What you are asked to do
Leave the pictures behind and reproduce every line of the listing exactly.

Raw data
---
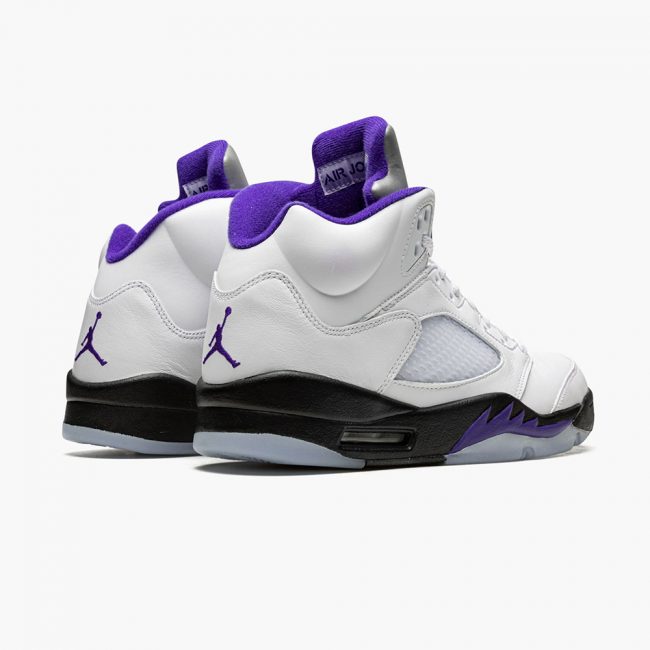 Air Jordan 5 Retro "Concord"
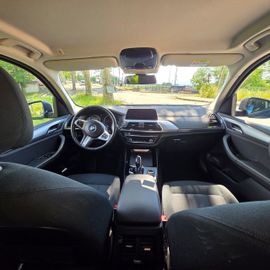 BMW X3 - 9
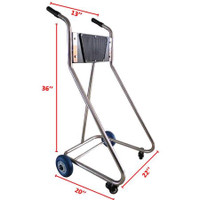 GAS Outboard Motor Dolly Cart motor stand on Sale Now  -Edmonton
---
Reply to the exercise
 Air Jordan 5 Retro "Concord"
 BMW X3 - 9
 GAS Outboard Motor Dolly Cart motor stand on Sale Now  -Edmonton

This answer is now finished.